Haitian toddler to get care at Abington Memorial

July 19, 2010 3:33:15 PM PDT
Doctors helping in the devastating earthquake in Haiti helped a lot of people with quake injuries.

But they also discovered Haitians suffering with medical problems easily treated in the U.S.

Now one of them is about to get lifesaving surgery at Abington Memorial Hospital.

Mirlande Felime is a little girl, with a big problem.

The 23-month-old was born with an intestinal abnormality that occurs about once in every 4,000 births. Her large intestine doesn't exit the body through its own opening, but through another orifice.

In the United States, the birth defect is corrected fairly easily with surgery. But doctors in Haiti told her father there was nothing they could do.

Without treatment, Mirlande had little chance of making it to her 5th birthday.

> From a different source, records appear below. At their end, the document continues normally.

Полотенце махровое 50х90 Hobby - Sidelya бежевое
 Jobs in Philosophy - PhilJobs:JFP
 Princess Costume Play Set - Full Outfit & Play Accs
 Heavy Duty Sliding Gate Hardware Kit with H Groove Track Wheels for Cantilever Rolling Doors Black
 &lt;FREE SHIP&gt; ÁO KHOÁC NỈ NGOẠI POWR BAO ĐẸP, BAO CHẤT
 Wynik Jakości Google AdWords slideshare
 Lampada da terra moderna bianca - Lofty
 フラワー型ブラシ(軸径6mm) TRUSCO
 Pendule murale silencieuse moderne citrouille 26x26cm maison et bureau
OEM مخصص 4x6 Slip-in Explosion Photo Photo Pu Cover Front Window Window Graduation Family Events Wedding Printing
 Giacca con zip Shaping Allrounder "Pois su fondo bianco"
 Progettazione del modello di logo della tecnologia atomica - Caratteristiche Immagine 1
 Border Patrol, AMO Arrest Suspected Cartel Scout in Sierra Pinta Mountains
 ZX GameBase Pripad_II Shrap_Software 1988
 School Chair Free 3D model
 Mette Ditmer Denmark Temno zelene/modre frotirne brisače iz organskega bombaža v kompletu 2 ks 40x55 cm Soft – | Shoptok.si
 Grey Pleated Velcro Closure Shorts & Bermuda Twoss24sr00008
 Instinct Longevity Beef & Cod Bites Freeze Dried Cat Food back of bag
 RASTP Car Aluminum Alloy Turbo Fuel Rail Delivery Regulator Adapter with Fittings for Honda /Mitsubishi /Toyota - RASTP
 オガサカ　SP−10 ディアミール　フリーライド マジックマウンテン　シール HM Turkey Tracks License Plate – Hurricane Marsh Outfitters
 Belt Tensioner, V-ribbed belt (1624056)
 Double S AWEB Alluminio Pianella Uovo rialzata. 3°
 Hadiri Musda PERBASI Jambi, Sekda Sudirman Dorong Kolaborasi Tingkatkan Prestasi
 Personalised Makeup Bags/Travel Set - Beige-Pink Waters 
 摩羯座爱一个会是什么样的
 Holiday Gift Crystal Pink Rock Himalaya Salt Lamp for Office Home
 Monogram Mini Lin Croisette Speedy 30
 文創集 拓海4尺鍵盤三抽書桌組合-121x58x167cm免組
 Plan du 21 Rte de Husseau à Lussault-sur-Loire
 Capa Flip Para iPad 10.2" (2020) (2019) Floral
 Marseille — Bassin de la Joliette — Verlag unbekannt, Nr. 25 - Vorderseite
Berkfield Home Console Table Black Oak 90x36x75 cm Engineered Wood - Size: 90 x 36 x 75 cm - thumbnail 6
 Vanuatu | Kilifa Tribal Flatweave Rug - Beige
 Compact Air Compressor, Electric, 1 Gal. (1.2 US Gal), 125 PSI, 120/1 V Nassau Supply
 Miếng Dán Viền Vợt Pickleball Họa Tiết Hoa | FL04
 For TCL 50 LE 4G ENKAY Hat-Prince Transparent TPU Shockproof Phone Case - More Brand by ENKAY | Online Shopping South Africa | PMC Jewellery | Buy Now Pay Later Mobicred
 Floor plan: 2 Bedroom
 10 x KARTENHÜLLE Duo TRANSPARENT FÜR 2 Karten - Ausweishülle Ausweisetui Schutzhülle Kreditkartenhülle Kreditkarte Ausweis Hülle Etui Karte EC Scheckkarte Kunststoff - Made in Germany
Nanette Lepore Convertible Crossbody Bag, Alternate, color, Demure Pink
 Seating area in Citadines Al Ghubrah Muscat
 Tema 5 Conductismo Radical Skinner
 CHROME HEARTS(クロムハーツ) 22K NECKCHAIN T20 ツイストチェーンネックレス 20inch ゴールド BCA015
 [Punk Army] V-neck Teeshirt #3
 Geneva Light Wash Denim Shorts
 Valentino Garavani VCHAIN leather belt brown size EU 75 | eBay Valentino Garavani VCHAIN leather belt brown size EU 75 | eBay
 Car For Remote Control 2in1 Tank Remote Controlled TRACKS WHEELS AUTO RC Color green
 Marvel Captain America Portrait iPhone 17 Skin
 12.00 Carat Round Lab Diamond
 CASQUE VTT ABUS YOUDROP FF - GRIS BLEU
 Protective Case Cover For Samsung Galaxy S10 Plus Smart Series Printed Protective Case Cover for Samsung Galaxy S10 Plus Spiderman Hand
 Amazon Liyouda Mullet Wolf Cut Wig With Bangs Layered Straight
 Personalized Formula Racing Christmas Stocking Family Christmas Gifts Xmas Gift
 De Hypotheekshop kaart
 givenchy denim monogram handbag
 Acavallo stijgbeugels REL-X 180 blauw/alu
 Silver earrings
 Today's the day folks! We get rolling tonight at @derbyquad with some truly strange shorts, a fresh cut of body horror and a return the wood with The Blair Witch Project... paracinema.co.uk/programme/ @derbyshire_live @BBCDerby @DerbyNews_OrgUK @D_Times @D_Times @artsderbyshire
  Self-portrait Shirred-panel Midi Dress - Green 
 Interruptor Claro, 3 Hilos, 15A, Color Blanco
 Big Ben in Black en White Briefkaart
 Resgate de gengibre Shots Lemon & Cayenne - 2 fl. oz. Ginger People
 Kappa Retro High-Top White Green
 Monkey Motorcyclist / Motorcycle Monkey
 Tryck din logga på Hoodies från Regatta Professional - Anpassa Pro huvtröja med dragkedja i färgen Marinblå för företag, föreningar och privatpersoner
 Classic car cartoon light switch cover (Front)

Dr. Ala Frey, the director of pediatric surgery at Abington Memorial Hospital, says, "She would die... It would essentially cause sepsis, and bacteria throughout her body and into her bloodstream, and she would succumb to this."

In April, Dr. Seth Newman saw Mirlande at a clinic in Port-au-Prince, and knew Abington could help.

Since then, the hospital and community have worked to assemble the medical care, airfare, visas, and even an apartment for Mirlande and her father to use during the months ahead. Sabrina Harris, the hospital's director of Diversity and Interpreter Services, says hospital employees donated time, money, and goods to equip the apartment. Reaching into her pocket, Harris said, "On the way here this morning, I even had someone put a Target gift card in my hand and said - 'This is for the Haitian family.'"

Abington is donating its medical care, and the use of the apartment, which is in a hospital-owned building. The Martin Luther King Committee arranged for air travel, and others have donated other assistance.

Next week, Mirlande will undergo the first operation.

And she'll need at least one more in about 2 or 3 months.

Through a translator, her father Josue expressed his gratitude.

"This is something that I never dreamed would happen," he said quietly.

He continued, "Finally, we found someone to help us."

Dr. Frey says Mirlande's prognosis is very good.

Dr. Newman says although Mirlande is getting help, Haiti is still a nation in desperate need, 7 months after the massive earthquake.

"The amount of human misery and suffering there is simply unbelievable, and it is every day," he said. Dr. Newman, who went to Haiti with Project MediShare.org, says there are still many volunteer opportunities, for medical professionals, as well as those with other skills. One current project is to rebuild medical training in Haiti, where the medical school was destroyed by the quake.